Człowiek, który – z szacunku dla dziennikarzy – zwraca się do nich językiem, który ma nie urazić ich ateistycznych czy agnostycznych uczuć, a swoich rodaków prosi, by zamiast przyjeżdżać na inaugurację pontyfikatu, zaoszczędzone środki przeznaczyli na ubogich. Jest to papież, który – dzięki swojemu stylowi życia – będzie trafiał na czołówki mediów. A to dlatego, że sam zadzwoni do generała jezuitów, czym wprowadzi w szok portiera, albo uzna, że nie będzie nosił czerwonej pelerynki, którą przez wieki nosili jego poprzednicy, bo „karnawał już się skończył”.
Dyżurni krytycy papiestwa mogliby choć na chwilę zamilknąć i cieszyć się „wyśnionym papieżem” na wzór Jana Pawła I czy Jana XXIII. Ale nic z tego. Czujni obyczajowi rewolucjoniści już odkryli, że papież Franciszek nic nie zmieni i że całe jego zachowanie to tylko medialna szopka. Co innego, gdyby zdecydował się zlikwidować strukturę administracyjną Watykanu, rozwiązać nuncjatury apostolskie (takie postulaty już sformułował Tadeusz Bartoś), wtedy może zostałby uznany za „swojaka”. Albo – co w swojej analizie włoskich gazet sugeruje Jarosław Mikołajewski z „Gazety Wyborczej” – gdyby choć zrezygnował z przypominania o istnieniu szatana, wtedy też można by go uznać za dobrego. A tak, to wygląda, że on w złego ducha wierzy, a to przecież wstyd i średniowiecze.

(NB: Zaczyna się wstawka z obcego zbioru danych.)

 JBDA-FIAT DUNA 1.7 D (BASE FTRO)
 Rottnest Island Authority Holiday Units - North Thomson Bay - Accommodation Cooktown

I w sumie trudno się temu nawet jakoś szczególnie dziwić. Franciszek jest przecież – i to niezależnie od tego, czy odrzuci jakieś zwyczaje albo szaty z papieskich szaf – wciąż Następcą św. Piotra i Zastępcą Jezusa Chrystusa, widzialną głową Kościoła. A jako taki będzie przypominał te same prawdy o Jezusie Chrystusie jedynym zbawicielu ludzkości i szatanie, który wciąż na nas czyha (co już zresztą kilkakrotnie podkreślał), a dodatkowo bronić będzie wartości, których zniszczenie lewica wypisała na swoich sztandarach. Ot, choćby godności życia od poczęcia, którego – co w 2005 roku w homilii podkreślał kard. Jorge Maria Bergoglio – chrześcijanie mają bronić, choćby skazywano ich na śmierć. I z tej perspektywy to, czy papieżem jest Franciszek, Benedykt, Jan Paweł czy Pius, nie ma znaczenia. Zawsze jest to taki sam przeciwnik cywilizacji śmierci.